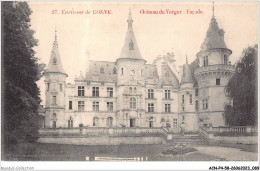 ACNP4-58-0320 - Environs De COSNE - Château Du Verger - Façade  - Cosne Cours Sur Loire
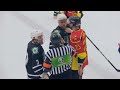 Ice Hockey - Referee fights player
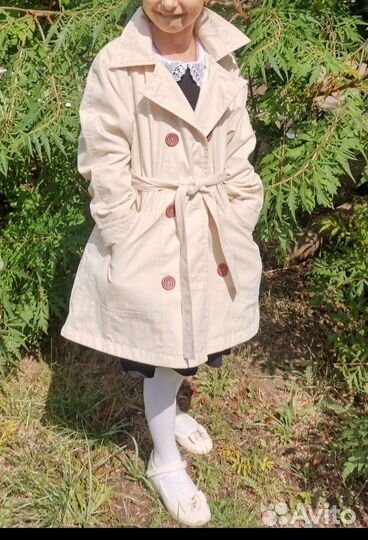 Плащ для девочки 128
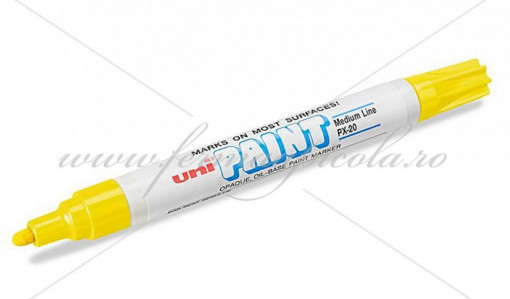 Marker Uni-Paint - Galben (2027 - 2032) - Img 2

== GOAL OF THE EXERCISE ==
When you repeat the listing, keep it exact and leave the pictures behind.

== TASK OUTPUT ==
 ACNP4-58-0320 - Environs De COSNE - Château Du Verger - Façade  - Cosne Cours Sur Loire
 Ice Hockey - Referee fights player
 Плащ для девочки 128
 Marker Uni-Paint - Galben (2027 - 2032) - Img 2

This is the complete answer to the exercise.